Endangered Maui's dolphin numbers falling

The Green Party has used the latest estimated population figures of the Maui's dolphin to call for a stop to oil and gas exploration in Taranaki. 

Recent research out of German conservation organisation NABU International has calculated that there is approximately between 43 and 47 Maui's dolphin left, and the entire subspecies could be extinct by 2029. 

Dr Barbara Maas, of NABU International, and Otago University expert Dr Liz Slooten have presented their most recent calculations of the population numbers to the International Whaling Commission at a Scientific Committee in San Diego, US, this week.
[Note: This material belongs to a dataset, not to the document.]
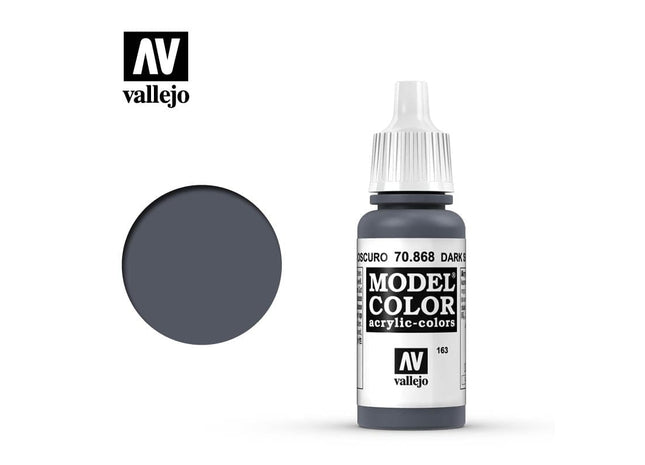 Gamers Guild AZ Vallejo Vallejo: Model Color 70.868 Dark Sea Green HobbyTyme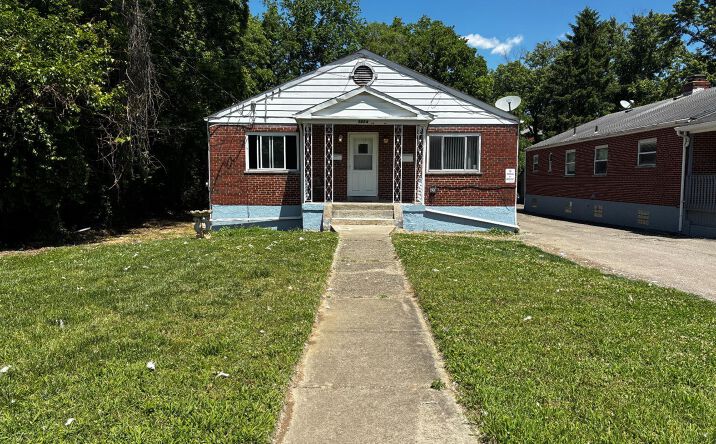 Pictures of Multifamily property located at Cornell Road, Sharonville, OH 45241 for sales - image #1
These recent population figures were calculated based on a 2010/11 estimate of 55 individuals and various methods of tracking population growth or decrease. 

Green Party conservation spokeswoman Eugenie Sage backed the research, and said despite the inability for researchers to do a physical head count of the subspecies, the research speaks for itself. 

"It is very robust data - this research paper shows that the Maui's are on a track to extinction." 

While the research attributed 4.5 per cent of the Maui's dolphin mortality to causes including mining, oil exploration, disease, pollution and boat strikes, the Greens reiterated that opening up areas off the Taranaki coastline for oil and gas exploration would have a disastrous effect on the marine environment. 

"Not only are dolphins and other marine mammals significantly affected by seismic survey and habitat disturbance, they are also in harm's way from a potential oil spill." 

"Of course our campaign is to have oil free seas," she said. 

With 95.5 per cent of Maui's dolphin mortality caused by fishing, Sage is calling for the New Zealand government to act urgently to protect and extend the sanctuary areas and implement measures to stop gill net fishing. 

"How embarrassing would it be for clean, green New Zealand if we let a species go extinct?" 

One of the last reported sightings of the Maui's dolphin in Taranaki was in 2009.